▶ **EXERCISE DESCRIPTION**: Leaving out every picture, copy the lines of the data exactly, from the first through the line containing "To compress MP3".

══ SUPPLIED DATA ══

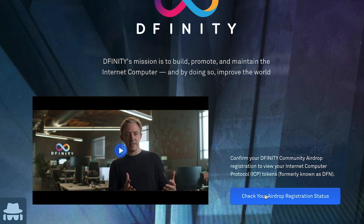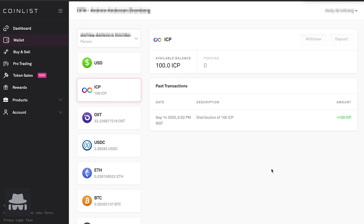Depending on the state of your account, there'll be some different steps that you go through, but it'll be really straightforward. At the end of that process, once you've finished the whole process of claiming your ICP tokens, you'll be brought into this wallet view. You can see right here that my account has a hundred ICP tokens available in there — and that's where it'll land. Really straightforward process.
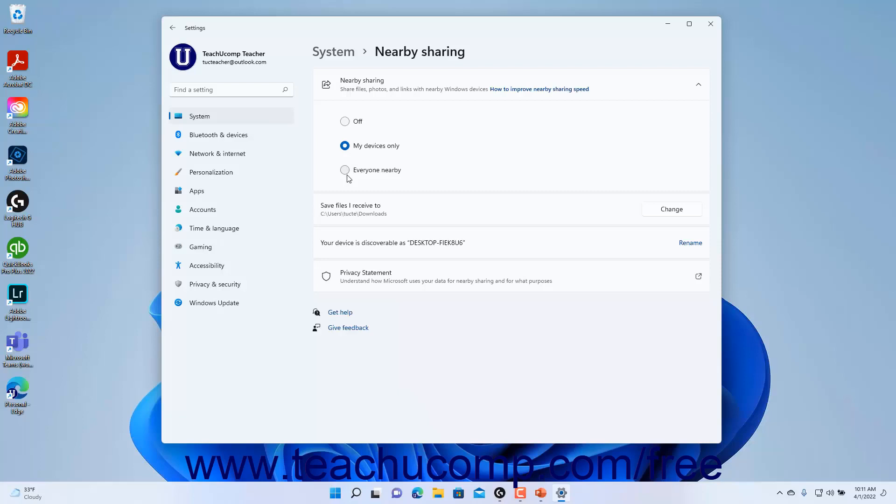The folder location to which Windows saves Nearby Sharing files you receive appears in the Save Files I Receive To setting.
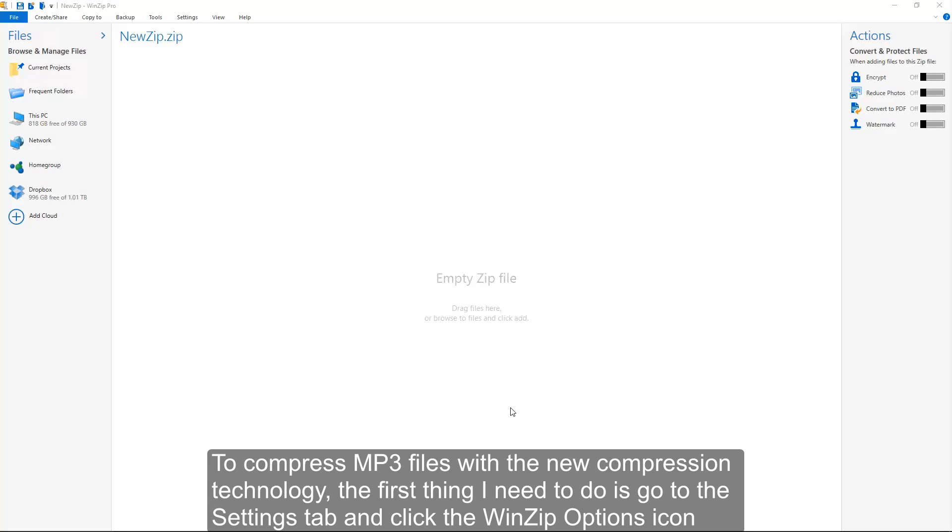To compress MP3 files with the new compression technology, the first thing I need to do is go to the Settings tab and click the WinZip Options icon.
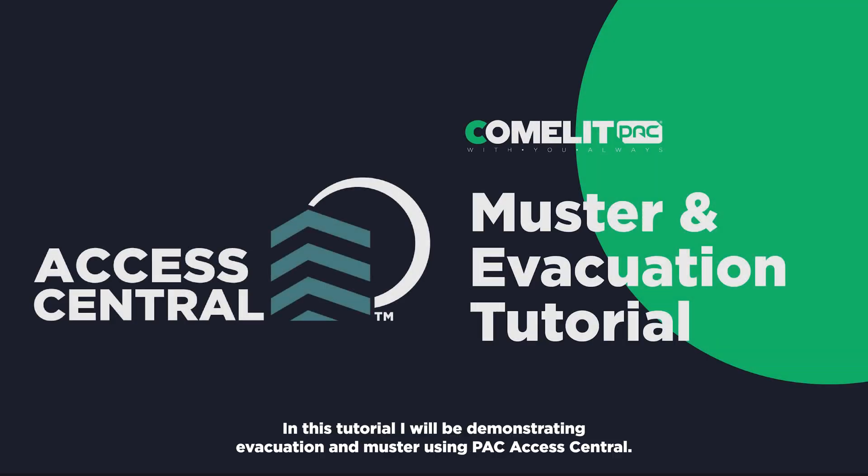Hello, in this tutorial I'll be demonstrating evacuation and muster using Pack Access Central.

═══

▶ **OUTPUT**:
Depending on the state of your account, there'll be some different steps that you go through, but it'll be really straightforward. At the end of that process, once you've finished the whole process of claiming your ICP tokens, you'll be brought into this wallet view. You can see right here that my account has a hundred ICP tokens available in there — and that's where it'll land. Really straightforward process.
The folder location to which Windows saves Nearby Sharing files you receive appears in the Save Files I Receive To setting.
To compress MP3 files with the new compression technology, the first thing I need to do is go to the Settings tab and click the WinZip Options icon.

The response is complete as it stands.